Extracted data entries
────────────────────────────────────────

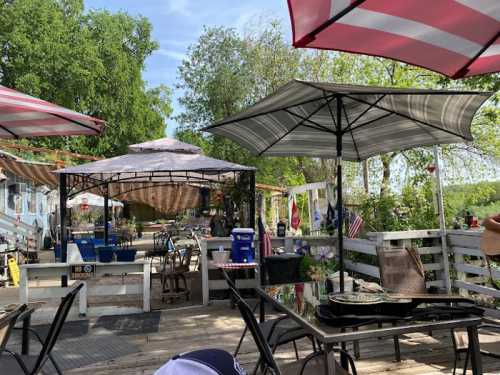 Outdoor seating area with umbrellas, tables, and a view of greenery and decorations in a relaxed, casual setting.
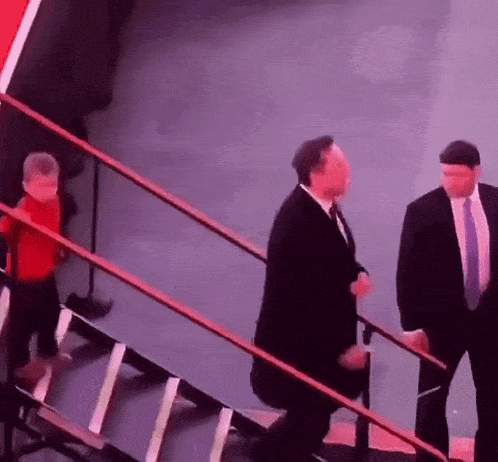 a man in a suit and tie is walking down a set of stairs with a child in a red shirt behind him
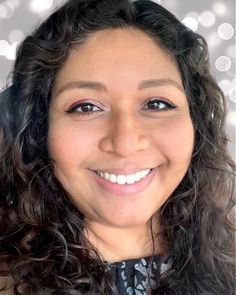 a woman with curly hair smiling at the camera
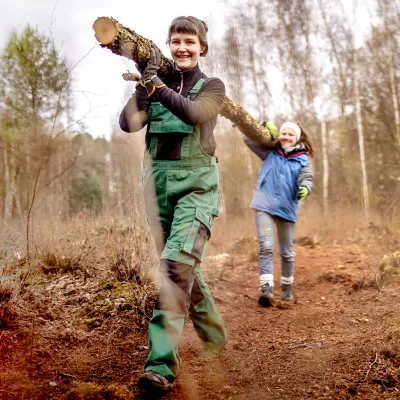Zwei Teilnehmerinnen tragen gemeinsam einen abgesägten Ast weg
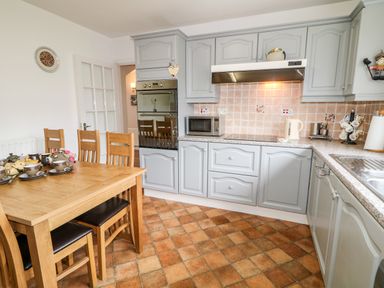 A kitchen with light gray cabinets a wooden dining table with chairs and a tiled floor at 27 Pinewood Hill in Warrenpoint Northern Ireland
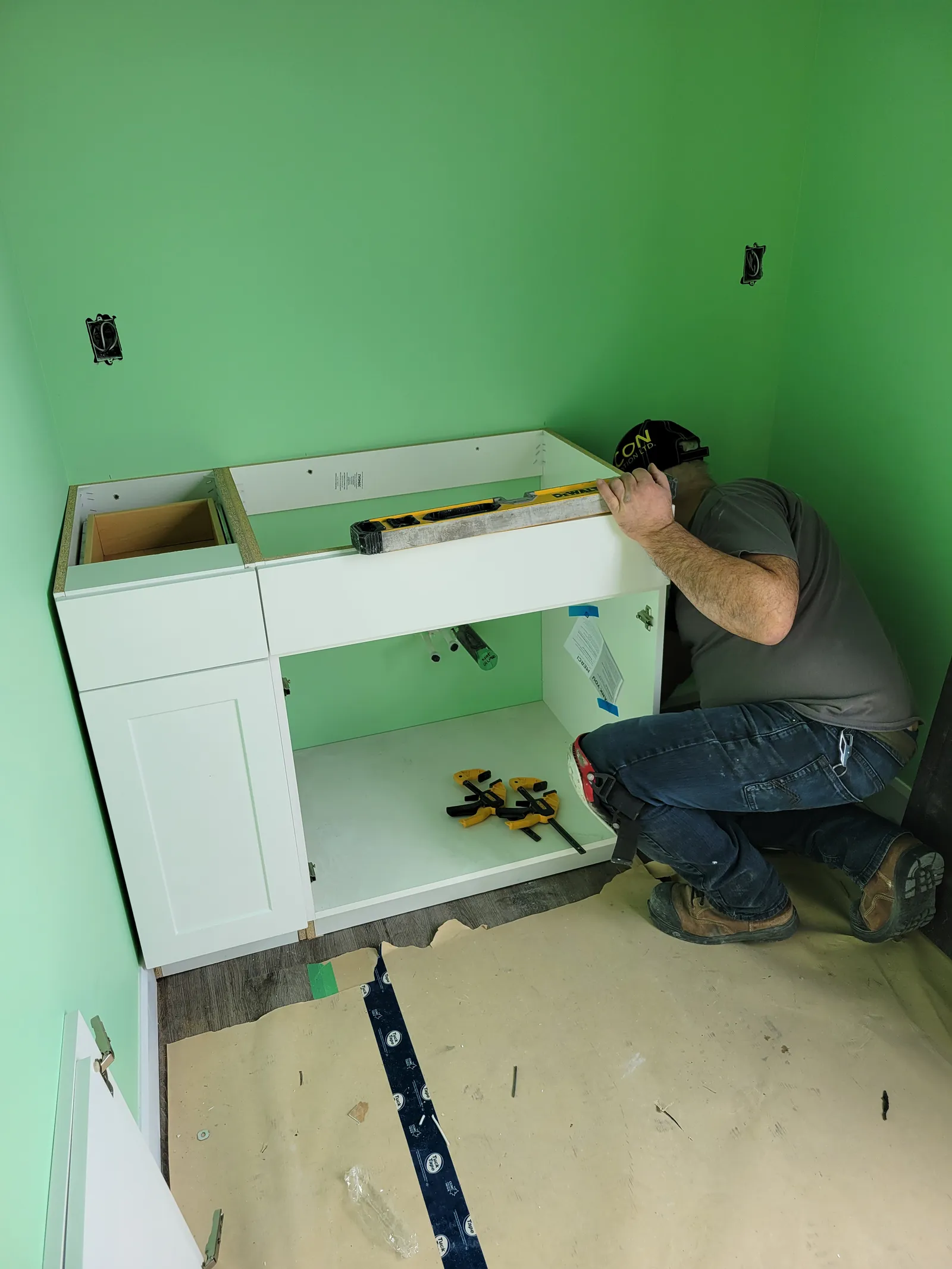 VOL Handyman installer levelling and clamping a new bathroom vanity cabinet against the wall in Stouffville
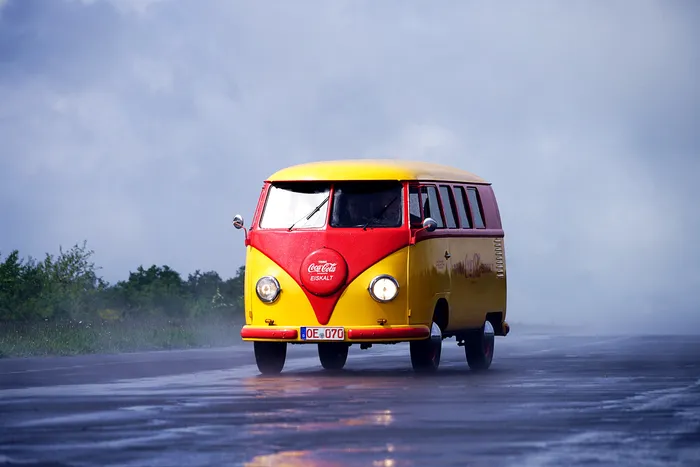 Gelb-roter VW-Bus mit Coca-Cola-Werbung fährt auf nasser Straße vor bewölktem Himmel.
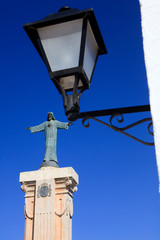 Fototapeta na wymiar El Toro, Menorca / Spain - June 25, 2016: A christ statue at summit of Mount Toro (El Toro), Es Mercadal, Menorca, Balearic Islands, Spain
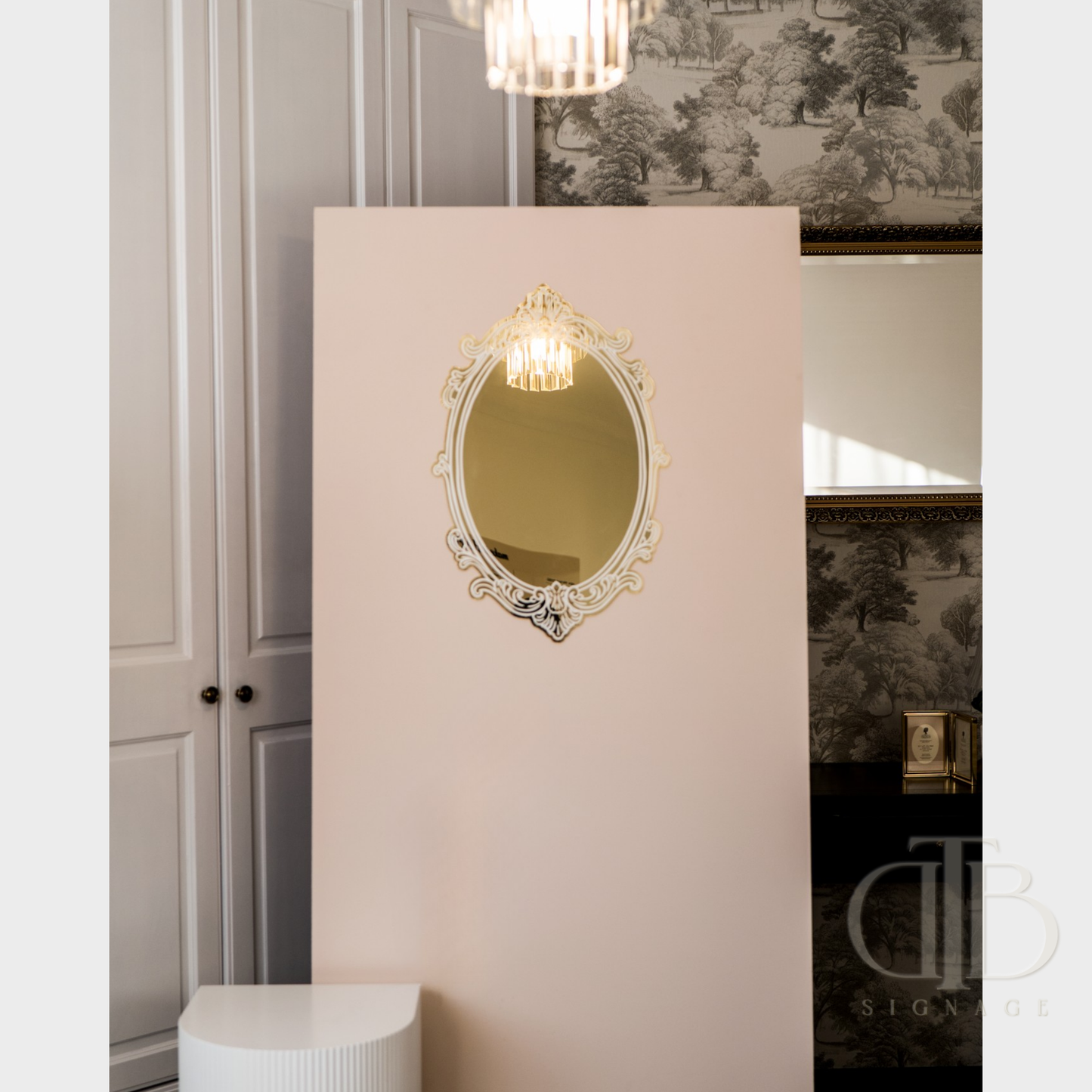 Decorative mirror on a pink wall with a chandelier above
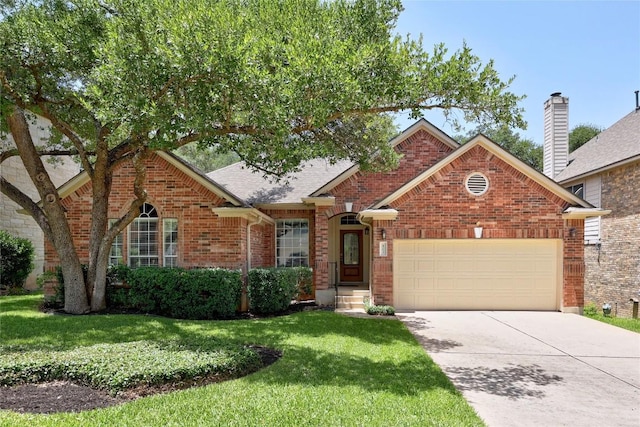 403 Warm Breeze Cv, Austin, TX 78717 - view of front of property featuring a front yard, driveway, an attached garage, and brick siding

────────────────────────────────────────

### EXERCISE AIM
Word for word, write out the lines above running from the one with "Zwei Teilnehmerinnen tragen" up to and including the one with "Fototapeta na wymiar". Drop any picture.

### EXERCISE OUTPUT
Zwei Teilnehmerinnen tragen gemeinsam einen abgesägten Ast weg
 A kitchen with light gray cabinets a wooden dining table with chairs and a tiled floor at 27 Pinewood Hill in Warrenpoint Northern Ireland
 VOL Handyman installer levelling and clamping a new bathroom vanity cabinet against the wall in Stouffville
 Gelb-roter VW-Bus mit Coca-Cola-Werbung fährt auf nasser Straße vor bewölktem Himmel.
 Fototapeta na wymiar El Toro, Menorca / Spain - June 25, 2016: A christ statue at summit of Mount Toro (El Toro), Es Mercadal, Menorca, Balearic Islands, Spain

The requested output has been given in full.